Petunjuk-petunjuk dan pelajaran berharga yang dikandung Al-Qur’an tidak dapat memberi banyak manfaat, kacuali lewat membacanya. Jadilah, membaca itu suatu keniscayaan dalam mempelajari Al-Qur’an dalam kedudukannya sebagai sumber hukum Islam pertama, sebagaimana firman Allah:

الركتب احكمت ايته ثم فصلت من لدن حكيم خبير (هود : ١)
Artinya : Alif lam raa, (inilah) suatu kitab yang ayat-ayatnya disusun dengan rapi serta dijelaskan secara terperinci yang diturunkan dari sisi Allah yang Maha Bijaksana dan lagi Maha Mengetahui. (Q.S. Hud : 1).
Yusuf Al-Qardhawi berpendapat bahwa ”melihat kedudukan Al-Qur’an yang begitu istimewa, maka kita berkewajiban untuk memperlakukan Al-Qur’an ini secara baik dengan menghafal, membaca dan mendengarkannya, serta merenungkannya”.[1]
Salah satu kedudukan Al-Qur’an yang begitu istimewa adalah keleluasaannya tidak memberatkan manusia, bahkan Al-Qur’an meringankan beban-beban yang ada dipundak manusia, bahkan membuka belenggu yang pernah menjerat manusia. Al-Qur’an diturunkan juga untuk menyenpurnakan syariat-syariat sebelumnya yang diturunkan kepada Nabi Muhammad SAW dan meluruskan kesalahan-kesalahan pada kitab sebelumnya yang megandung syariat-syariat akibat perbuatan manusia.
Syed Nuquid Al-Attas “menyetakan kemampuan menguasai Al-Qur’an apakah membaca atau menafsirkannya dalam kelompok mata kuliah / pelejaran yang fardhu ain sifatnya”.[2]
Kita sebagai umat islam haruslah menjadikan Al-Qur’an sebagai perhiasan dan hidup berpegang kepada AlQur’an dengan cara mempelajari, memahami, mengafalkan, menafsirkan, mengajarkan, dan mengamalkannya selayaknya untuk mengetahui kewajiban kita terhadap Al-Qur’qn serta menyebarkannya kepada umat manusia.
Pemahaman sangat berperan dalam membentuk kepribadian seseorang, begitupun hubungan orang islam dengan kitab suci Al-Qur’an, mesti diambil dengan penguasaan ayat-ayatnya.
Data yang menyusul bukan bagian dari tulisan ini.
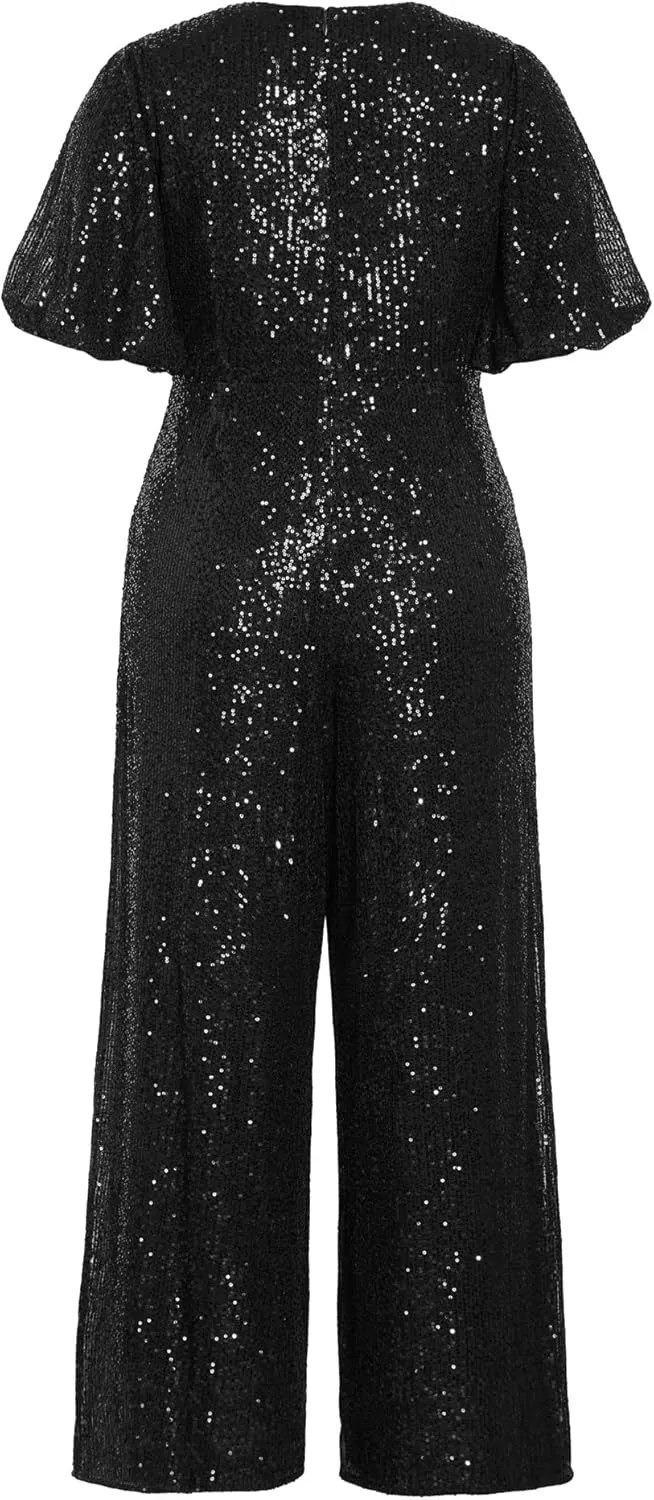 Women's Plus Size Nada Sequin Sleeve Jumpsuit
Disamping sebagai sunber hukum, Al-Qur’an juga sebagai sumber pengetahuan.
Ulama berpendapat bahwa “Al-Qur’an itu sumber mutlak bagi ilmu pengetahuan, Beliau mengutip kata-kata Ibnu Mas’ud jika seseorang ingin memiliki pengetahuan masa lampau dan pengatahuan modern, selayaknya ia merenungkan Al-Qur’an”.[3]
Membaca serta mempelajari Al-Qur’an sebagai kitab suci tentunya harus mengikuti petunjuk yang datang dari pembawaannya. Bahkan Al-Qur’an memperkenalkan bagaimana seharusnya membaca Al-Qur’an.
Ibnu Katsir, menafsirkan, bahwa yang dengan membaca Al-Qur’an secara tartil adalah “membaca dengan menjadi mad (panjang pendeknya), ayat perayat serta membaguskan suaranya saat membacanya”.[4]
Berkenaan dengan ini membaca Al-Qur’an tidak semata menjaga makna, kalimat-kalimat serta lafadnya saja, namun juga cara membaca dan makhraj hurufnya seperti kata mana yang harus mad (panjang) dan mana yang harus ghunnah (dengung), izhar (jelas), idgham (digabungkan), ikhfa (disamarkan), dan iqlab (dibaliknya).
Dari berbagai pendapat diatas nyatalah, bahwa membaca Al-Qur’an adalah merupakan suatu kewajiban. Dalam membaca Al-Qur’an tentunya harus menjaga kaidah-kaidah bacaan. Bahkan dalam disiplin ilmu, cara baca Al-qur’an dijelaskan dengan rinci dalam ilmu tajwid.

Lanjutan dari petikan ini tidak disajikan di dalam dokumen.